Gandhi had a friendly and productive relationship with Hills, but the two men took a different view on the continued LVS membership of fellow committee member Thomas Allinson. Their disagreement is the first known example of Gandhi challenging authority, despite his shyness and temperamental disinclination towards confrontation.

Allinson had been promoting newly available birth control methods, but Hills disapproved of these, believing they undermined public morality. He believed vegetarianism to be a moral movement and that Allinson should therefore no longer remain a member of the LVS. Gandhi shared Hills’ views on the dangers of birth control, but defended Allinson’s right to differ. It would have been hard for Gandhi to challenge Hills; Hills was 12 years his senior and unlike Gandhi, highly eloquent. He bankrolled the LVS and was a captain of industry with his Thames Ironworks company employing more than 6,000 people in the East End of London. He was also a highly accomplished sportsman who later founded the football club West Ham United. In his 1927 An Autobiography, Vol. I, Gandhi wrote:

The question deeply interested me…I had a high regard for Mr.

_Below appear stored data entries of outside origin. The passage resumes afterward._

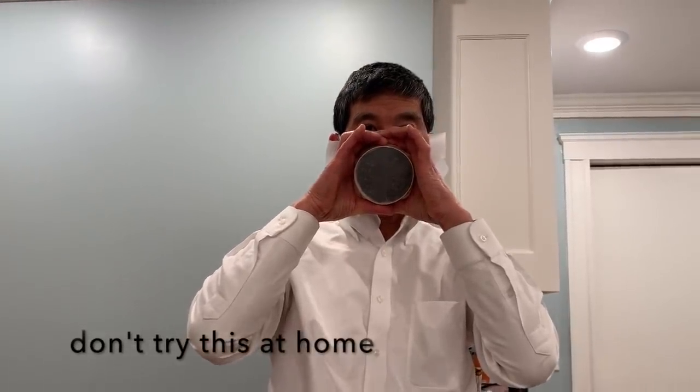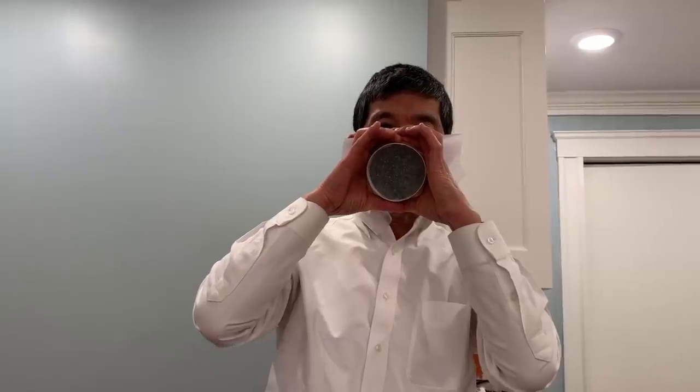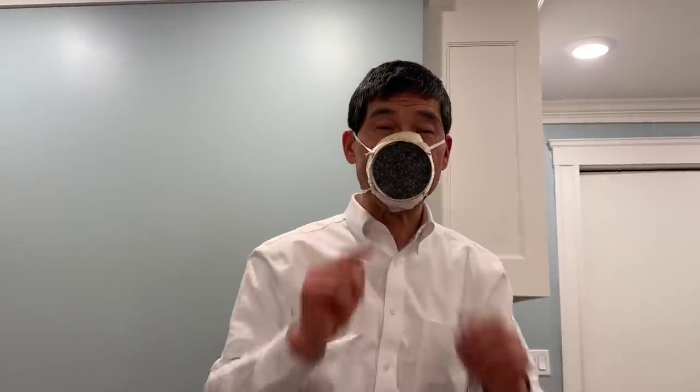Let's go ahead and fit test our respirator. I'm going to put it on and get a nice seal against my face. I want to test the seal, so I'm going to get a piece of saran wrap and put it over the filter side. I cannot breathe in any air at all, and so I can tell that this is an excellent fit on this respirator with a great seal all the way around.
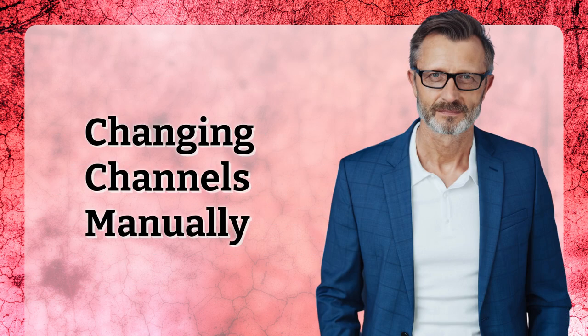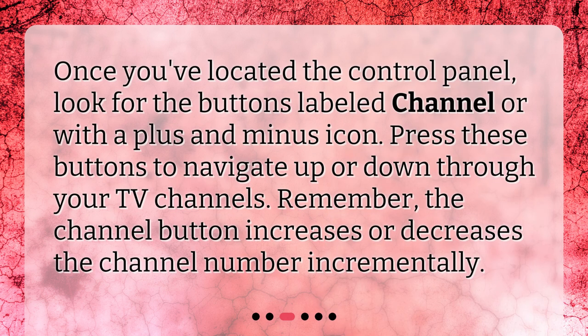Changing channels manually. Once you've located the control panel, look for the buttons labeled 'channel' or with a plus and minus icon. Press these buttons to navigate up or down through your TV channels. Remember, the channel button increases or decreases the channel number incrementally.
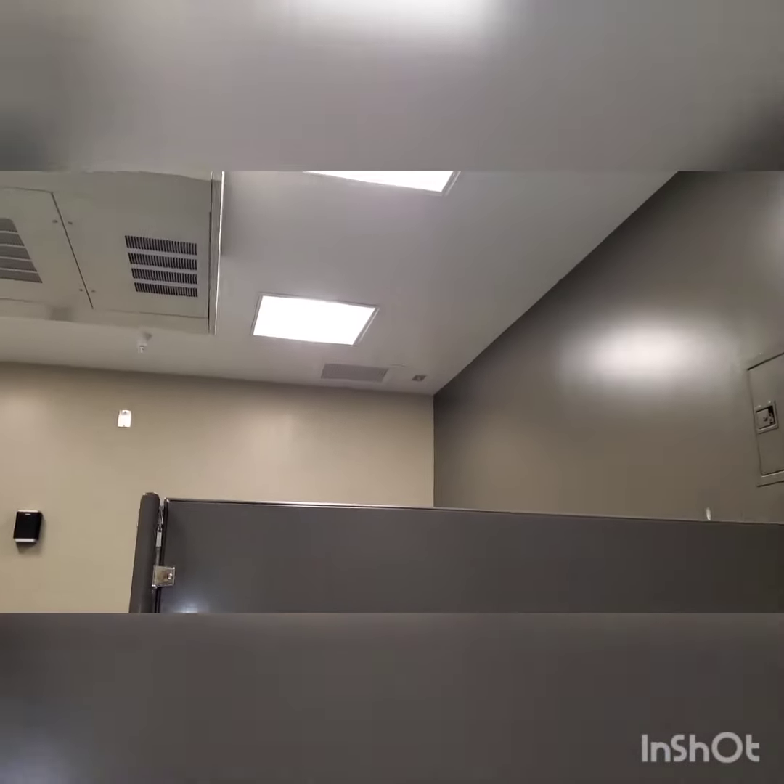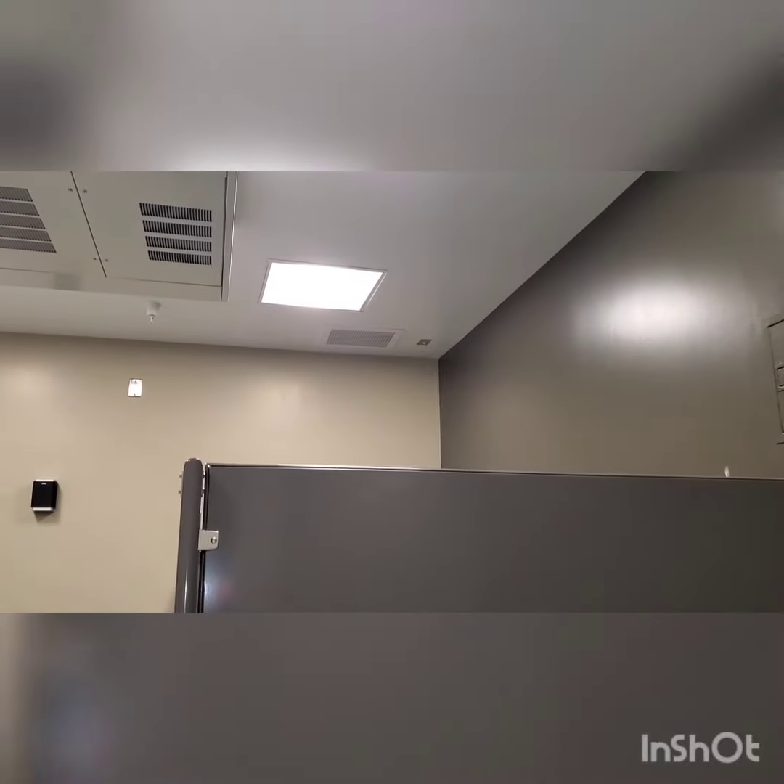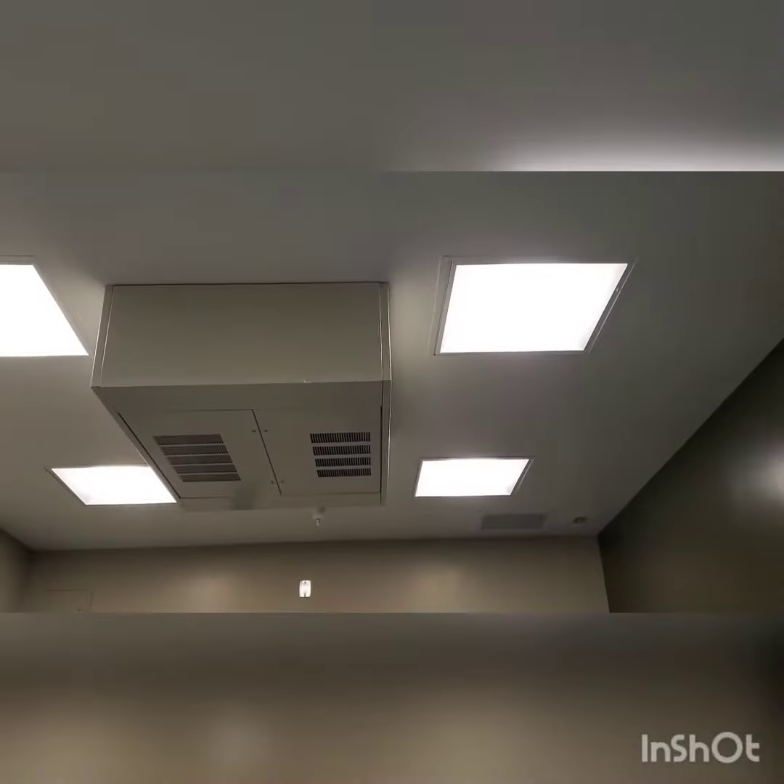In case you heard a little click in the background, that was the fan damper turning on and opening. Alright, hope you guys enjoyed — thanks for watching, and see you guys in the next one. Peace out, y'all.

Hills and his generosity. But I thought it was quite improper to exclude a man from a vegetarian society simply because he refused to regard puritan morals as one of the objects of the society

A motion to remove Allinson was raised, and was debated and voted on by the committee. Gandhi’s shyness was an obstacle to his defence of Allinson at the committee meeting. He wrote his views down on paper but shyness prevented him from reading out his arguments, so Hills, the President, asked another committee member to read them out for him. Although some other members of the committee agreed with Gandhi, the vote was lost and Allinson excluded. There were no hard feelings, with Hills proposing the toast at the LVS farewell dinner in honour of Gandhi’s return to India.

Called to the bar

Gandhi, at age 22, was called to the bar in June 1891 and then left London for India, where he learned that his mother had died while he was in London and that his family had kept the news from him.[59] His attempts at establishing a law practice in Bombay failed because he was psychologically unable to cross-examine witnesses. He returned to Rajkot to make a modest living drafting petitions for litigants, but he was forced to stop when he ran afoul of a British officer Sam Sunny.

In 1893, a Muslim merchant in Kathiawar named Dada Abdullah contacted Gandhi. Abdullah owned a large successful shipping business in South Africa. His distant cousin in Johannesburg needed a lawyer, and they preferred someone with Kathiawari heritage. Gandhi inquired about his pay for the work. They offered a total salary of £105 (~$17,200 in 2019 money) plus travel expenses. He accepted it, knowing that it would be at least a one-year commitment in the Colony of Natal, South Africa, also a part of the British Empire.